_RECORDS PROVIDED_.

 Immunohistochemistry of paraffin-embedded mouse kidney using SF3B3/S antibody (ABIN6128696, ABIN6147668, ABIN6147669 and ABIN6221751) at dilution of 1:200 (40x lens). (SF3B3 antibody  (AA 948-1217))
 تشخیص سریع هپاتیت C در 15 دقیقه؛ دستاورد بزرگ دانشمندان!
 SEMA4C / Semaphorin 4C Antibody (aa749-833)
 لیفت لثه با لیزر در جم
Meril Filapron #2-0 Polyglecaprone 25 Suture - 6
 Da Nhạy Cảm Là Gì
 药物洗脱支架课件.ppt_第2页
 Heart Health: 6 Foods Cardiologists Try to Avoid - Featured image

_WHAT TO WORK ON_.
In the records above, return precisely the line containing "لیفت لثه با لیزر در جم" and each line that comes after it, up to the final one.

_COMPLETED EXERCISE_.
 لیفت لثه با لیزر در جم
Meril Filapron #2-0 Polyglecaprone 25 Suture - 6
 Da Nhạy Cảm Là Gì
 药物洗脱支架课件.ppt_第2页
 Heart Health: 6 Foods Cardiologists Try to Avoid - Featured image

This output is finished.